Da eine weitere kreditfinanzierte Investitionsförderung nicht mehr möglich ist, verbleibt als einzige Alternative für die Politik, die Wirksamkeit der öffentlichen Ausgaben zu erhöhen. Das heißt, Berlin muss sich auf die Entwicklung neuer eigener Kompetenzfelder wie z. B. Tourismus, Biotechnologie, Verkehrs- oder Medizintechnik konzentrieren, über die eine Erhöhung der Einkommen möglich ist. Nur so kann die besorgniserregende wirtschaftliche und finanzpolitische Entwicklung in Berlin durchbrochen werden. Unüberlegte Einzelmaßnahmen, "Kahlschlagsanierung" der "Rasenmähermethode" werden uns mit Sicherheit in den Staatsbankrott führen. Als wesentlicher Baustein einer seriösen Haushaltskonsolidierung muss stattdessen eine Strategie entwickelt werden, die nicht auf die Kahlschlagsanierung, sondern auf die strukturelle, auf mehr Wirtschaftlichkeit gerichtete und sozialverträgliche Sanierung der "Berliner Verwaltung" gerichtet ist. Berlin hat nur dann eine Chance, wenn es sich ein positives Ziel setzt: Wir müssen uns auf unsere Stärken und Möglichkeiten konzentrieren, um wieder ein nachhaltiges Wachstum zu erreichen. Durch folgende Maßnahmen:
1. Der Landeshaushalt muss vollständig in den Dienst der wirtschaftlichen Entwicklung gestellt werden.

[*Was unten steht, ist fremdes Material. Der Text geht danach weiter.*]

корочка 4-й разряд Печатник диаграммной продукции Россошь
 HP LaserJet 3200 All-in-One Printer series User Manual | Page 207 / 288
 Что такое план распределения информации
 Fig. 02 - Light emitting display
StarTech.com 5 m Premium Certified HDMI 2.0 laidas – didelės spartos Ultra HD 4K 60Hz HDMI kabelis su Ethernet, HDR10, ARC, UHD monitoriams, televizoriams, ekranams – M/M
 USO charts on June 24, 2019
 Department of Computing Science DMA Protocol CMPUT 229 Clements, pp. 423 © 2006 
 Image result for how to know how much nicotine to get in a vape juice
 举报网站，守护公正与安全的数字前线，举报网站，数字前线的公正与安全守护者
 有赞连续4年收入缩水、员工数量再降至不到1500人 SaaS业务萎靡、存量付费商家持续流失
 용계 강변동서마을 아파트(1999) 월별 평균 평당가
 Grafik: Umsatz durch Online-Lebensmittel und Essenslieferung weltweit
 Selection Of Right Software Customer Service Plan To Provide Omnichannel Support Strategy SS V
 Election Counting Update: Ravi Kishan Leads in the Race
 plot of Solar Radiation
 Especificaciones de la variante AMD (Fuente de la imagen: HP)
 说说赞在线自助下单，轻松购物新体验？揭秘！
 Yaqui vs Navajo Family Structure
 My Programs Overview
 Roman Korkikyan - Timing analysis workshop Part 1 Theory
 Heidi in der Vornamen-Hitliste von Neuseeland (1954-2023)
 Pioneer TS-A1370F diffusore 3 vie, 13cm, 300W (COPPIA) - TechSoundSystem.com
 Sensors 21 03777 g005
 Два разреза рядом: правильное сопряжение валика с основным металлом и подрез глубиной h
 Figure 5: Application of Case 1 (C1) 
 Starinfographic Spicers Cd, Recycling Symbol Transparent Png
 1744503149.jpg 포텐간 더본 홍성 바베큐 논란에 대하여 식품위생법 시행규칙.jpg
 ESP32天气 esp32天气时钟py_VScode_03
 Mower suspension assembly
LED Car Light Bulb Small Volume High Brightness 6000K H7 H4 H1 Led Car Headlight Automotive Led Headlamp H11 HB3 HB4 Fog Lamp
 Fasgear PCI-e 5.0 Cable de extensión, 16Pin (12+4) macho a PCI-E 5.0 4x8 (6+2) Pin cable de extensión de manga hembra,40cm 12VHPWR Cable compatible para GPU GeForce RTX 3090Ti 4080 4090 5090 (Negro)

2. Die Prioritätensetzung muss konsequent zu Gunsten der zukunftsorientierten Felder (z. B. Wissenschaft, Forschung oder Tourismus) erfolgen; vorrangige Finanzierung der Maßnahmen, die die Zukunftsfelder unterstützen.
3. Alle staatlichen Aktivitäten müssen daraufhin überprüft werden, ob sie der Entwicklung der zukunftsorientierten Felder nutzen oder diese eher behindern (Aufgabenkritik).
4. Konsequente Modernisierung der Verwaltung / Wirksame Steuerung der landeseigenen Beteiligungen
- Die vorliegenden Konzepte zur betriebswirtschaftlichen Ausrichtung der Hauptverwaltung wird unverzüglich umgesetzt.
- Verabschiedung eines Beteiligungsmanagementgesetzes, das eine wirksame Steuerung und Führung der landeseigenen Beteiligungen ermöglicht.
- Durch neue gesetzliche Regelungen wird die persönliche Haftung für Misswirtschaft von Senatsmitgliedern, Aufsichtsräten und Geschäftsführungen bzw. Vorständen öffentlicher Unternehmen verschärft.
- Privatisierungen von Beteiligungen und Verwaltungsaufgaben werden zur Stärkung des Standorts und zur Finanzierung von Zukunftsinvestitionen verwendet.